This entertaining piece of bad verse comes from a little self-published volume entitled Poems by Philpo (1970), "Philpo" being Robert M Shortell (1909-?), a retired teacher and administrator. It is notable for its unpromising subject matter - the freeway system - and its ill-thought-out central image, that of some long-dead calf whose ambling road is supposed to contrast with the horrors of the highway. One assumes he chose a calf over a mature animal in order to be able to contrive the jingling rhyme of his title, rather than for its deeper metaphoric value. Why it should be one that has been dead 300 years is somewhat puzzling.
Whatever the reasons for its place in the poem, it certainly is a wonderful animal, this calf: wisely, it chooses not to drive a car which hasn't been invented yet, and it can bleat - blatently, no less - long after it is dead. Sheep, or at least "bell-wether" ones, are not so smart since it is their behaviour that some drivers emulate, who "plunge straight on in one fell sweep", off the highway into a ditch one assumes, with others following on like "poor dumb animals bereft of mind". Apparently this happens daily: no wonder insurance premiums are so high.
One day, as it was plain he would,
Man transgressed nature (he never should);
He made a death trail, bent askew,
A deadly trail as only man can do.
Since many, many years have fled,
And I infer that man has bled
But still he left behind his trail,
And thereby hangs my moral tale.
The trail is taken up each day
By senseless men who drive and slay;
And some, like bell-wether sheep,
Plunge straight on in one fell sweep.
Others flock in from behind,
Poor dumb animals bereft of mind.
Daily, on freeways (not so free),
Straight through nature they blast with glee,
The happy fools roar in and out,
And dodge, and turn, and twist about;
They utter words of terrible wrath
'Cause some other fools cross their path.
Still others followed (do not laugh),
This new breed is less than calf.
The calf through nature's woodway stalked;
With vision he digressed and balked.
But now that pathway is not the same;
Man's one-track mind has made that plain.
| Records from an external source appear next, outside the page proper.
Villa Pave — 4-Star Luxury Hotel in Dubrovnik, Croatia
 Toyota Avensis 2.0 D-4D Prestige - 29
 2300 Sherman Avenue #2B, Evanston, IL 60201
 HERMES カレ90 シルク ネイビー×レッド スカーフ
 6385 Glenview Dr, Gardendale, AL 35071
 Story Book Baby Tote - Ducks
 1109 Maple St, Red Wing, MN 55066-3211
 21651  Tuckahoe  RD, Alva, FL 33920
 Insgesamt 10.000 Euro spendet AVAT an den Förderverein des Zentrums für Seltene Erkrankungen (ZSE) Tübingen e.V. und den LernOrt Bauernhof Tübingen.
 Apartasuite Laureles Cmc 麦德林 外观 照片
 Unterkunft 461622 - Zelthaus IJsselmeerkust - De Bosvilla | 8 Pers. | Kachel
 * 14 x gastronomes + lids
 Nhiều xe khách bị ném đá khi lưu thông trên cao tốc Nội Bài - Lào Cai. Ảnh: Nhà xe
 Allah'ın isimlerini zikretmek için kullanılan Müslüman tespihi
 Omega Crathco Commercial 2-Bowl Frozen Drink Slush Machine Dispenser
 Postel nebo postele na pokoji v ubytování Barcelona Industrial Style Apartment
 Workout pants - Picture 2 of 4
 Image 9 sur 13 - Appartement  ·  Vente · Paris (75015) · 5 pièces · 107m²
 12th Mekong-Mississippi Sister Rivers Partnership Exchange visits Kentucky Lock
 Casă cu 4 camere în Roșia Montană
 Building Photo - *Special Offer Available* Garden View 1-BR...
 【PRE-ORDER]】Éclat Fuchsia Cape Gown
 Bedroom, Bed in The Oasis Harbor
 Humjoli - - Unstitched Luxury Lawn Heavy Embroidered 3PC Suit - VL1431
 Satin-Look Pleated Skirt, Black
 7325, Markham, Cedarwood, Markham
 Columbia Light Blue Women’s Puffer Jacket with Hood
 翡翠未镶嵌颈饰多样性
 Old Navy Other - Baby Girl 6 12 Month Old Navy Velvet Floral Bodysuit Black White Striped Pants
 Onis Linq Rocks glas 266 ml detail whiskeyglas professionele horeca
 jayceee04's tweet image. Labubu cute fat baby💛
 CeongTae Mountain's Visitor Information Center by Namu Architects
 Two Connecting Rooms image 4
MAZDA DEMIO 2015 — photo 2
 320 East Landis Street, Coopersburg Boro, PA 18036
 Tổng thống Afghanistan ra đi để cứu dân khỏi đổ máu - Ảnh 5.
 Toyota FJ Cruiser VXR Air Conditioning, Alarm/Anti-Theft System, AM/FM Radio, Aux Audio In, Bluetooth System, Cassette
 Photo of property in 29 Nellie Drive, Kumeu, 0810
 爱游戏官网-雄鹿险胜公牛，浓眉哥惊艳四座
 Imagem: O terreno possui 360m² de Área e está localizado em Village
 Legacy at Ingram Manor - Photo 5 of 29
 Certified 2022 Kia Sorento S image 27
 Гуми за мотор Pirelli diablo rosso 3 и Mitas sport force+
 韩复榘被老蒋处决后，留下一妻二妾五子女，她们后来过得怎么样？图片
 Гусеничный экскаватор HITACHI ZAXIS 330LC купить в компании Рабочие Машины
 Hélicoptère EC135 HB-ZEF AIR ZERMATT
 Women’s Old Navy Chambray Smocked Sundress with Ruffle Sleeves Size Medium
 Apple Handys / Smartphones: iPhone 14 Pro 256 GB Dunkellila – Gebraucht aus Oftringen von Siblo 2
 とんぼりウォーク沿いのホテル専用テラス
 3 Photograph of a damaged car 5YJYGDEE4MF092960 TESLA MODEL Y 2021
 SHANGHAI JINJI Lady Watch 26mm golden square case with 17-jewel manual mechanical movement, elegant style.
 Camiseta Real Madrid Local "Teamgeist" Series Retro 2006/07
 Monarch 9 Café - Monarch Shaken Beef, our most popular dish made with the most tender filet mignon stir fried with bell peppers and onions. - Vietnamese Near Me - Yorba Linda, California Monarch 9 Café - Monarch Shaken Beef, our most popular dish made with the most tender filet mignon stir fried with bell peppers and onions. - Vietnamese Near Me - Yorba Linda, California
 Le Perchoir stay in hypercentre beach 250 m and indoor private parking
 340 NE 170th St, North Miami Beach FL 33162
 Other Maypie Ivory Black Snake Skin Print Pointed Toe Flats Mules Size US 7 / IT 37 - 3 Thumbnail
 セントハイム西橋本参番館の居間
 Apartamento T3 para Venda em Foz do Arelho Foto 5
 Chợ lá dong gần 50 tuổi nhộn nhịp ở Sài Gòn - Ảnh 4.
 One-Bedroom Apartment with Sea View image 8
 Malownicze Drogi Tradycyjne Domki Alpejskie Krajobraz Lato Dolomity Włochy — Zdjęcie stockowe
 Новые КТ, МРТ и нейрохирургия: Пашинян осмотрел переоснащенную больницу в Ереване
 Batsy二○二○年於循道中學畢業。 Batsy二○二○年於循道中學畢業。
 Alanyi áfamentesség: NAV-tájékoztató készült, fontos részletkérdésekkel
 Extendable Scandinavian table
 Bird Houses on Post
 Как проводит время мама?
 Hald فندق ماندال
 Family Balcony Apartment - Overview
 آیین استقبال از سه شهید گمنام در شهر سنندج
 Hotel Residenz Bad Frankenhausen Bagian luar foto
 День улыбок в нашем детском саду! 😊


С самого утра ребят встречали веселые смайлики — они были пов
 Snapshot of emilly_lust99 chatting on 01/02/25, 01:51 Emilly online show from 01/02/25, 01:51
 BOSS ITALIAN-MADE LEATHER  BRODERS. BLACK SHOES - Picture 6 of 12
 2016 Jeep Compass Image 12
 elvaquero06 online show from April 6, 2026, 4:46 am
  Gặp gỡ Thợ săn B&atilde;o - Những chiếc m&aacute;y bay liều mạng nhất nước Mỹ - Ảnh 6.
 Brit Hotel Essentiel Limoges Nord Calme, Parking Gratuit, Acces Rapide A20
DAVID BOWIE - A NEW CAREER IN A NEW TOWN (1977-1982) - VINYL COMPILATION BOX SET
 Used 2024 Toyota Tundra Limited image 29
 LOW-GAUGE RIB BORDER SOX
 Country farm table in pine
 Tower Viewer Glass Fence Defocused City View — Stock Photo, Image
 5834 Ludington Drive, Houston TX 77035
The path is one of blood and smog
Where faceless men slither and slog.
As man blindly pursues the freeway run,
Three miles become a nebulous one.
Thus, since a century and more,
Man has desecrated nature's lore.
As time passed in swiftness fleet,
The road became a bloody street.
Soon man, bent on swift convergence,
Spawned a cancerous insurgence -
A smogopolis that soon did reek,
A jungle no wise calf would seek.
Oft many thousand men are trapped
On smogways no calf ever mapped.
Men ply the freeways (still not free)
Asphyxiated as no calf would be.
Yes, many thousand men, never led
By a calf three centuries dead.
Man's rape of nature still holds sway,
Losing more from life day after day.
Such blind reverence is apropos,
For good or bad-change the status quo.
A moral lesson this does teach:
Irrational man is hard to reach.
Yes, man is prone to go it blind,
Prudent precedent not for his mind;
Plunging on without time's direction,
Ignorance knows no recollection.
Men still flash along the smogway track,
Cutting in and out (some don't come back);
Deadly, destructive, their course of action,
To glow - not grow - their satisfaction.
But how the wise old wood gods chuckle
As man is rent, 'spite "belt-and-buckle."
Of many things, this tale does teach,
The calf was wiser 'bout nature's reach.
Now, midst the roar of smogway jungle
As man compounds his daily bungle,
I detect a blatant bleat (perhaps a laugh?)
From that three-centuries-old dead calf.